Data from 66 eligible patients were analyzed. Compared to CT/MRI, iRUF dosimetry showed higher correlation with overall ICC of 0.42 (0.01 for USD) and significantly smaller root mean squared differences (overall 16.5 vs 21.5 for iRUF and USD) than USD for all prostate and urethral dosimetric parameters examined. USD demonstrated a tendency to overestimate dose to the prostate when compared to iRUF.
iRUF approximated post-implant CT/MRI prostate and urethral dosimetry to a greater degree than USD. A phase II trial utilizing iRUF for intraoperative dynamic plan modification is underway, with the goal to confirm capability to minimize and correct for prostate underdosage not otherwise detected.
在低剂量率前列腺近距离放射治疗期间,术中经直肠超声剂量测定不准确,这是由于种子回声和针道造成的超声图像失真,会掩盖种子位置或产生虚假信号,以及创伤性水肿。在此,我们报告一项初步研究的结果,该研究比较了一种基于超声和荧光透视的联合种子定位方法(iRUF)与基于标准超声的剂量测定法(USD)。

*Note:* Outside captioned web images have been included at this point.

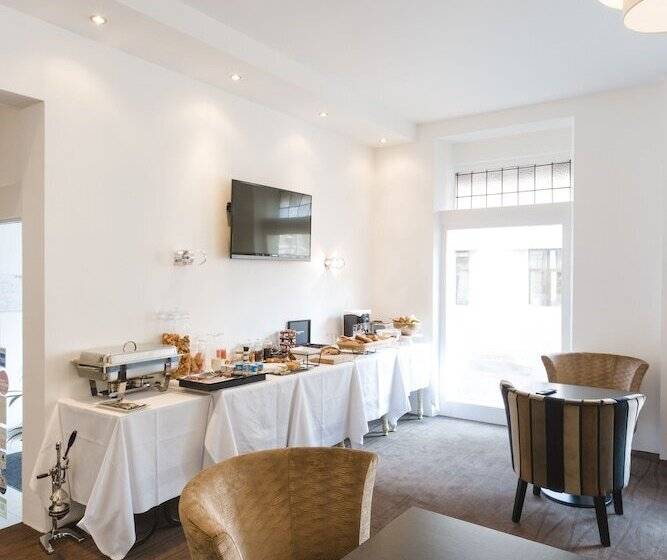 فندق Le Saint Louis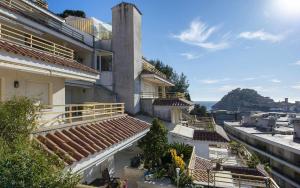 een appartementencomplex met balkons en uitzicht op de oceaan bij Apartamento Terrassa 1 - Gran terraza y vistas in Tossa de Mar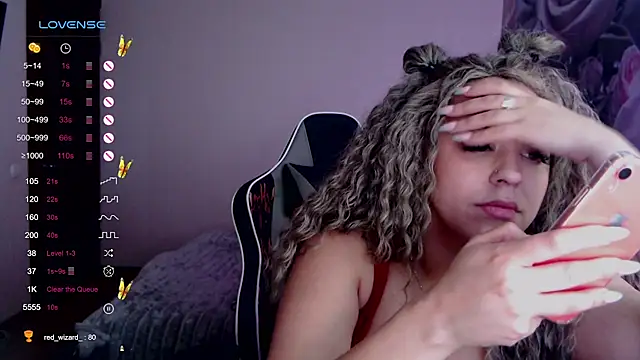 Snapshot of _Just_a_queen_3 chatting on January 24, 2025, 9:47 pm Just a queen 3 online show from January 24, 2025, 9:47 pm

前瞻性纳入80例接受前列腺癌永久性钯 - 103种子植入的患者。使用标准USD进行种子植入以进行术中剂量跟踪。植入完成后,术中使用移动C形臂获取六张X线图像,并获取植入前列腺的横向超声图像。从X线图像重建三维种子位置,并将其与超声配准以进行iRUF剂量测定。术后第1天进行CT/MRI扫描以进行植入后剂量测定。分别计算前列腺和尿道的剂量学参数,以分析iRUF、USD和CT/MRI数据集。基于均方根差、组内相关系数(ICC)和Wilcoxon符号秩检验评估iRUF、USD和CT/MRI测量的剂量学值之间的差异和相似性。
分析了66例符合条件患者的数据。与CT/MRI相比,对于所有检查的前列腺和尿道剂量学参数,iRUF剂量测定显示出更高的相关性,总体ICC为0.42(USD为0.01),并且均方根差明显更小(iRUF和USD的总体分别为16.5和21.5)。与iRUF相比,USD显示出高估前列腺剂量的趋势。
与USD相比,iRUF在更大程度上接近植入后CT/MRI的前列腺和尿道剂量测定。一项利用iRUF进行术中动态计划修改的II期试验正在进行中,目标是确认其能够最小化并纠正未被其他方法检测到的前列腺剂量不足的能力。